My step-mother likes St. Patrick's Day, and I suppose if you're stuck in Boston or some other such place you're stuck with rivers being dyed green and all that.
Forget the Guinness-Holiday; have fun instead with the utter trash of pop-culture, the Pussycat Dolls (did you know that they're an award-winning and Grammy Award-nominated American music group?. Their beginning as a modern burlesque I can sort of respect, but that's a decade back. Salon's Heather Havrilesky covered them this weekend (dated March 18 but posted today), and begins with the line, “‘I think the Pussycat Dolls have had a large influence on my generation, and that's why I think I've gravitated towards their music.’—Natascha, 19” I can agree with that, but it seems to have little to do with the “empowerment” message the PCD are supposedly trying to get across; if anything, the group is tied to (as mirror of, perhaps) the insane body image and fashion crap one sees.
I'll just provide the image that was provided on Salon's homepage today (Saturday) when the article was posted there:
What have we got here besides (intentional) fashion tastelessness? We have no hips, we have boney spines, and lack of muscle tone. And for the most part rather dead eyes, and stringy gross hair that one can excuse, perhaps, because of the performance conditions, sweat, and heat from the stage lamps/lights.
This all only comes to mind because when I turned the TV on for some reason this last week I came across “Pussycat Dolls Presents: The Search for the Next Doll” on CW—as Havrilesky writes, “the latest television show to suggest that the whoring sea donkeys are storming the gates.” I'd never heard of it and thought at first I'd come across some next-top-model crap when I tuned at the end when someone was being kicked off. I think this was Wednesday and perhaps a rerun from Tuesday, since I would usually turn the TV on for “Lost” Wednesday evenings.

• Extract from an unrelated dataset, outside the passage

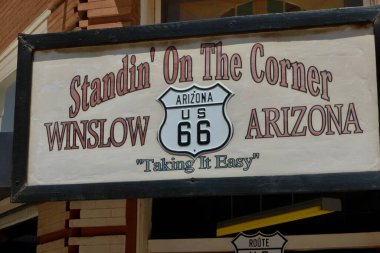 Taking It Easy Route 66 Sign. Winslow, Arizona, USA. June 12, 2014 clipart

It's none of my business if people want to act this way, dress this way, etc., especially not if they're making good money at it. I'm no proponent of puritanical modesty, Mormon modesty, Muslim modesty, or, for the fashion conscious, muslin modesty, but you know it's a rather obvious sign of stupidity when women & girls want to do the whole anorexic, skanked-out look. There is a wonderful disconnect between the Pussycat Dolls rhetoric and the reality. This is, of course, all quite obvious, which is why I turn off the TV and return to teaching those who care to come to my classes. There is little point in bothering with those who want to emulate this.

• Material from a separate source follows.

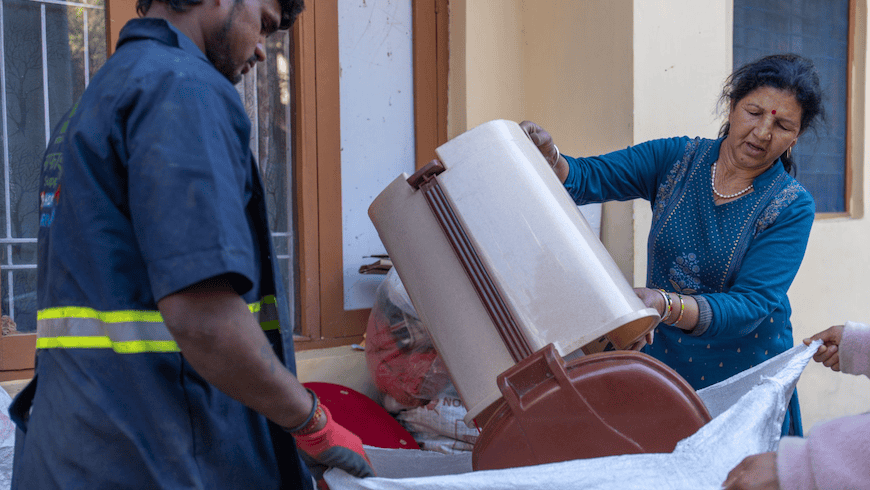 Woman disposing of waste in India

And St. Patrick's Day is a lot like the Pussycat Dolls in this regard ... lots of emulation, lots of being like somebody else and fitting into a preexisting power or political or religious structure. I of course won't claim that Carnivale is necessarily emancipatory, but anybody who bothers with Rabelais and His World by Mikhail Bakhtin will realize that Carnivale and the carnivalesque have quite a bit in common with true burlesque as well as cabaret.